Efficacy of automatic bolus calculator with automatic speech recognition in patients with type 1 diabetes: A randomized cross-over trial.

机构信息

Nalecz Institute of Biocybernetics and Biomedical Engineering, Polish Academy of Sciences, Warsaw, Poland.

Department of Pediatrics, Institute of Mother and Child, Warsaw, Poland.

出版信息

J Diabetes. 2018 Jul;10(7):600-608. doi: 10.1111/1753-0407.12641. Epub 2018 Feb 9.
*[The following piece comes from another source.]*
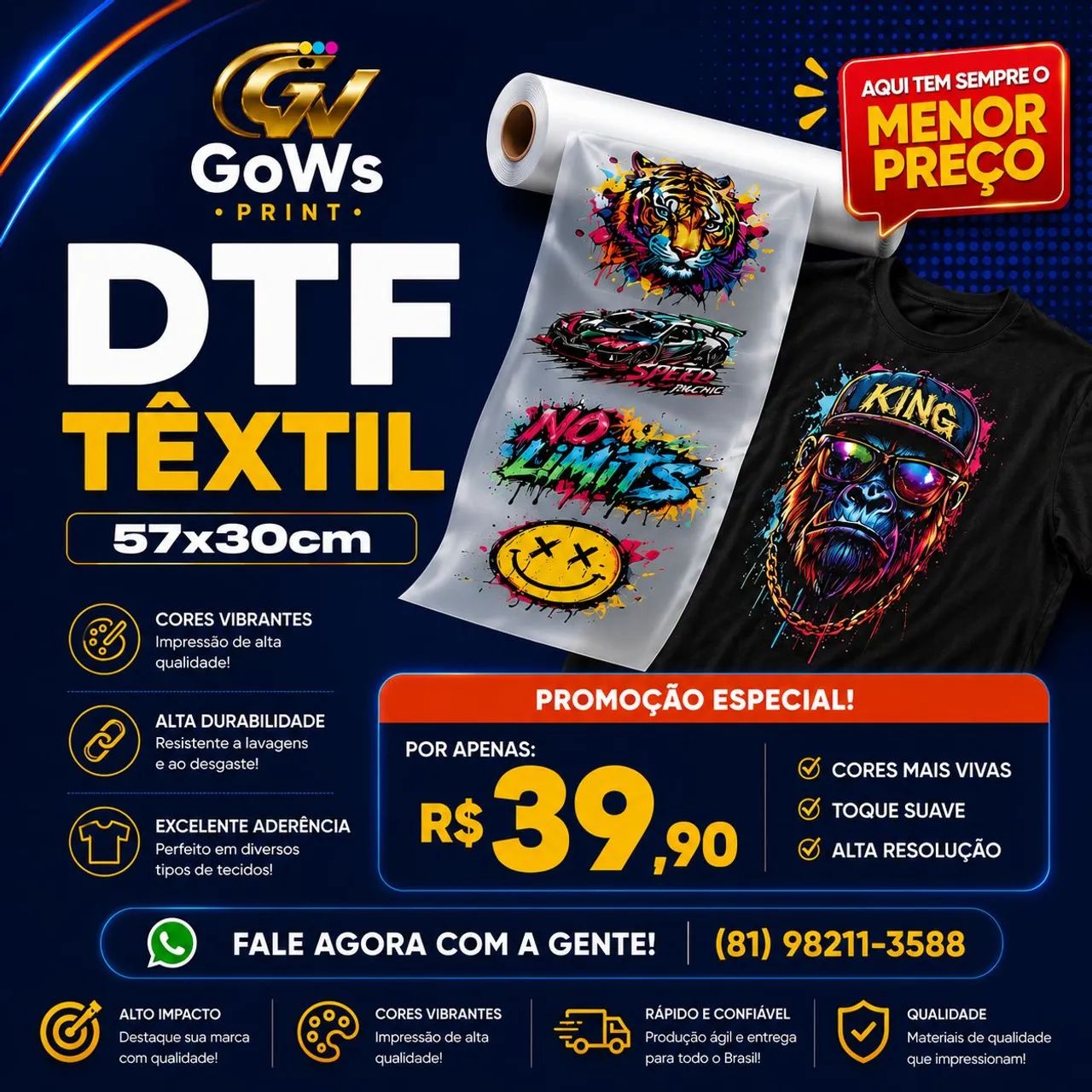 DTF TEXTIL 57X30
DOI:10.1111/1753-0407.12641
PMID:29316338
Abstract

BACKGROUND

Patients using an insulin pump as part of their diabetes treatment need to calculate insulin bolus doses to compensate for a meal. Some patients do not modify their meal boluses according to changes in the amount and composition of food products in a meal. The lack of correct meal boluses leads to unstable, and therefore harmful, blood glucose levels. The aim of the present study was to test a system supporting bolus determination based on a voice description of a meal.

METHODS

The bolus calculator developed (VoiceDiab) consists of a smartphone application and three remote servers for automatic speech recognition, text analysis, and insulin dosage calculation. Forty-four people with type 1 diabetes (T1D) treated with continuous subcutaneous insulin infusion finished the randomized cross-over study. Patients were randomly allocated to the group in which the VoiceDiab system supported bolus calculation or to an unsupported group, in which patients or their caregivers calculated boluses. After a 14-day washout period, patients from the supported group were switched to the unsupported group, whereas those in the unsupported group were switched to the supported group.

RESULTS

There was a significant difference between the supported and unsupported groups in the percentage of patients with 2-h postprandial glycemia within the 70-180 mg/dL range (58.6% vs 46.6%, respectively; P = 0.031).

CONCLUSIONS

The VoiceDiab system improves postprandial glucose control without increasing the time in hyperglycemia or hypoglycemia. Therefore, it may be useful in the treatment of patients with diabetes on intensive insulin therapy.

摘要

背景

作为糖尿病治疗的一部分,使用胰岛素泵的患者需要计算胰岛素推注剂量以补偿膳食。一些患者不会根据膳食中食物产品的数量和成分的变化来调整膳食推注量。缺乏正确的膳食推注量会导致血糖水平不稳定,从而对健康造成危害。本研究的目的是测试一种基于膳食语音描述来支持推注剂量确定的系统。

方法

开发的推注计算器(VoiceDiab)由智能手机应用程序和三个远程服务器组成,用于自动语音识别、文本分析和胰岛素剂量计算。44 名接受持续皮下胰岛素输注治疗的 1 型糖尿病(T1D)患者完成了随机交叉研究。患者被随机分配到接受 VoiceDiab 系统支持推注计算的组或不支持的组,在不支持的组中,患者或其照顾者计算推注量。经过 14 天的洗脱期后,支持组的患者切换到不支持组,而不支持组的患者切换到支持组。

结果

在餐后 2 小时血糖在 70-180mg/dL 范围内的患者比例方面,支持组和不支持组之间存在显著差异(分别为 58.6%和 46.6%;P=0.031)。

结论

VoiceDiab 系统可改善餐后血糖控制,而不会增加高血糖或低血糖时间。因此,它可能对接受强化胰岛素治疗的糖尿病患者的治疗有用。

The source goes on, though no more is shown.